Anna ran towards them as Charlie dragged Claudy down to the ground by her hair and shoved her hard, then ran off into the trees. Claudy curled on the ground at Anna’s feet, weeping, her hands pressed on either side of her head.
Anna knelt. ‘Claudy.’
The girl looked up at Anna, a line of blood on her cheek. Macky put his thin brown arms around his sister and she burst into fresh sobs.
‘I didn’t do anything,’ she said. Macky whispered something into her hair.

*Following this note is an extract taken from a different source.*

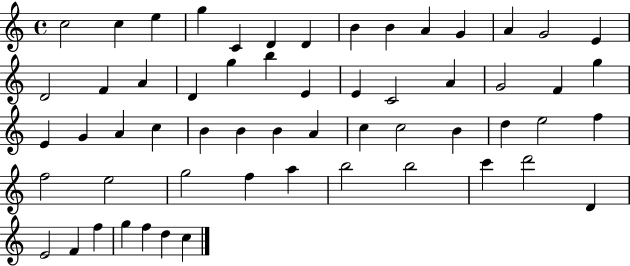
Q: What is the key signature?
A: C major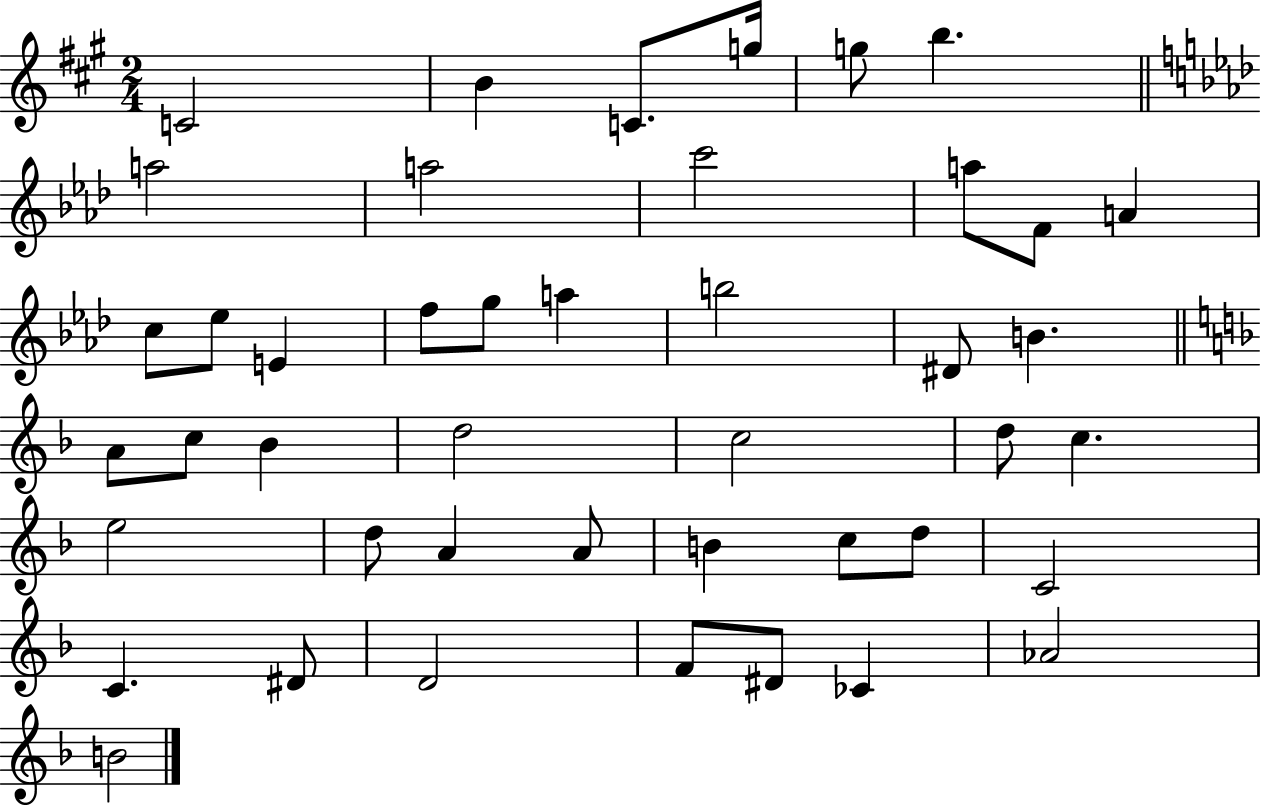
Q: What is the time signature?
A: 2/4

Anna hurried after Charlie, who sat on a fallen tree fifty metres away.
‘What happened?’ said Anna as she approached.
‘It was my turn.’ Charlie’s voice was hard and she breathed shakily.
‘You hurt her.’ Anna tried to dampen the anger in her voice. ‘You really hurt her. What were you thinking?’
From the corner of her eye, she saw Macky help Claudy up and walk her towards the creek. Anna should go and comfort them, apologise. She was meant to be the adult.
Charlie exploded. ‘Fuck off!’
Anna felt a rush of fury to her head. She shouted, ‘Don’t you dare talk to me like that! Don’t talk to me like that and don’t ever hurt Claudy again. She’s not going to want to play with you now.’
Charlie glared back at her, her face red. ‘It was my turn.’
‘But you don’t hit, Charlie! You just don’t!’
She was overreacting. Stop, Anna. She lowered her voice but it was still sharp. ‘You never hurt someone.’
Charlie said, very softly, ‘Fuck off.’
Anna spun around and walked away from the girl. She wanted to scream, How dare you? How dare you, after all I’ve done for you?!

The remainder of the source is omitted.